L’unica buona alternativa sarebbe Andrew Bynum che, offensivamente, può/deve giocare centro puro come Dwight (entrambi tirano in media da poco più d’un metro dal ferro), anche se finora non ha avuto lo stesso carico di responsabilità (e già molti più infortuni).

 

Se invece provassimo a sostituirlo, tatticamente, con Olajuwon o Shaq o Ewing  (26enni) non sarebbe necessario “resettare” drasticamente tutto l’attacco di squadra; fermo restando che, tecnicamente, nei confronti dei “dottori” Hakeem e Pat, Howard sta ancora finendo le scuole medie.

L’era dell’ “Open Post Offense”?

Passando dal singolo alla realtà di squadra, si rischia di incappare nel celeberrimo “regresso ad infinito” fra l’uovo e la gallina: non si attacca più impostati sul centro perché scarseggiano buoni centri puri, oppure scarseggiano buoni centri puri perché si gioca poco “sul” centro?

Se da un lato, a prima vista, non c’è più quella quantità di centri All Star come negli anni ’90, dall’altro, anche il gioco è gradualmente cambiato, sia nelle regole che nei trend tattici, richiedendo maggior doti di eclettismo a tutti i ruoli, “lunghi” inclusi. Di sicuro, c’è in Nba un’attuale  tendenza diffusa a “delocalizzare” il gioco offensivo rispetto al centro area, lasciando che il post basso sia lo spot dove vengono sfruttati i mismatch a disposizione, a prescindere dal ruolo; anche perché, la gamma tecnica degli esterni sta iniziando a contemplare sempre più spesso anche dignitosi movimenti spalle a canestro.

Come abbiamo visto la volta scorsa, i centri sono sempre meno coinvolti come finalizzatori (Usg% medio in calo negli ultimi anni), ma, d’altro canto, pare che il ruolo stia iniziando ad essere utile anche nella circolazione di palla: i centri segnano meno, ma, in proporzione passano di più.

Consideriamo l’ Assist Rating (ovvero la percentuale di assist sui possessi usati da un giocatore) dei centri con almeno 20 minuti di media e 40 partite giocate, negli ultimi cinque anni: 2007: 12,6%, 2008: 13,4%; 2009: 13%; 2010: 13,6%; 2011: 14%. Un aumento leggero che, tuttavia, accostato al calo dell’Usg%, può alludere a come i centri vengano coinvolti dai rispettivi attacchi, non tanto come realizzatori, ma almeno sempre più come passatori (volendo vedere il bicchiere mezzo pieno).

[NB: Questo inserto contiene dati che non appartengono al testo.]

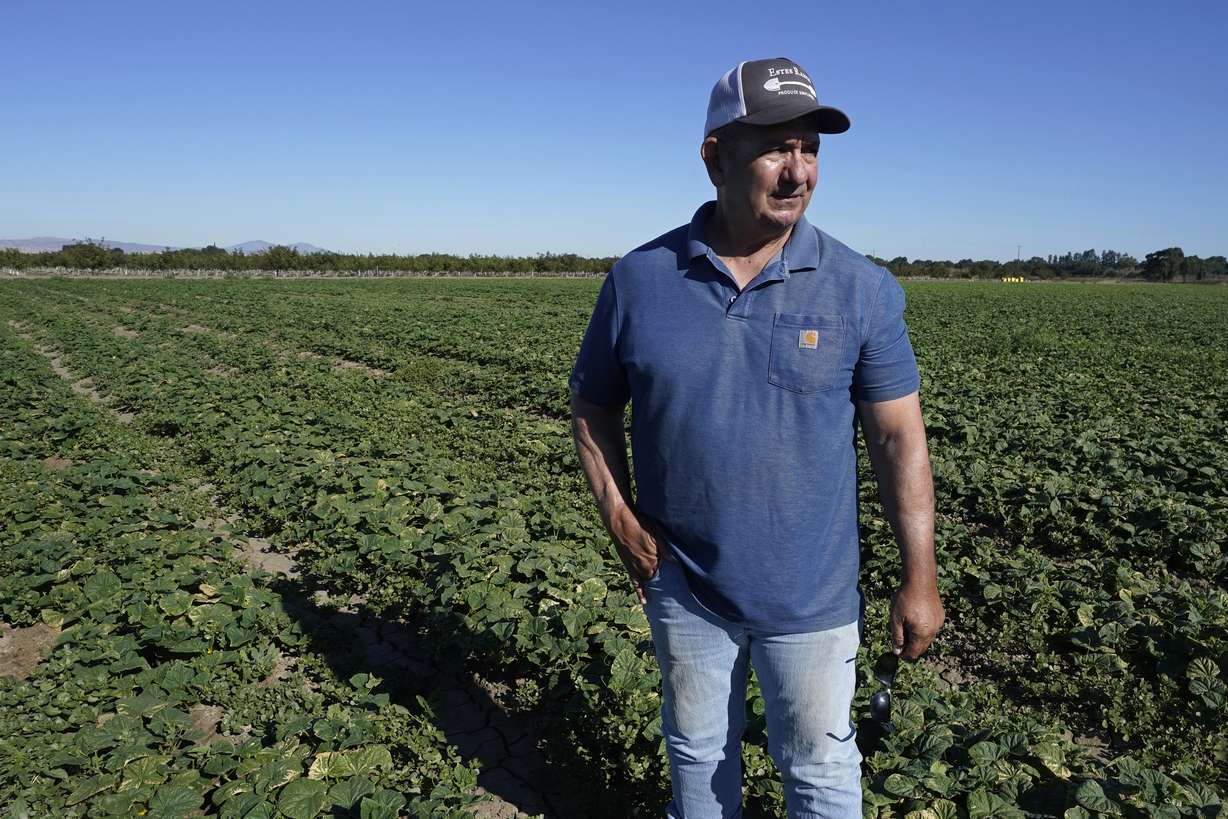 Farmer Bobby Costa stands in his cucumber field, on July 21, near Tracy, Calif. Some of the state’s major rivers are getting saltier in drought, including the ones that provide water for Costa’s crop. His cucumber yields go down by 25% this year compared to a wetter year.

Il motivo tattico che coniuga questi due aspetti (meno tiri, più assist), è che, vuoi per mancanza di un centro fuoriclasse, vuoi per rendere la vita più difficile alle difese attuali, vengono scelti sempre più di frequente attacchi “open post”, ovvero che non prevedono una presenza fissa e sistematica in post basso.

Non si tratta di regredire al fanciullesco “5 fuori” in stile mini-basket, quanto piuttosto di “formazioni ad A” (uno in punta, due ai gomiti, due agli angoli, tipo quella usata dagli Heat; v. video), “1-4 high (o stack)” o “4 out – 1 in” in cui per “dentro” di intende il post alto o la lunetta in genere.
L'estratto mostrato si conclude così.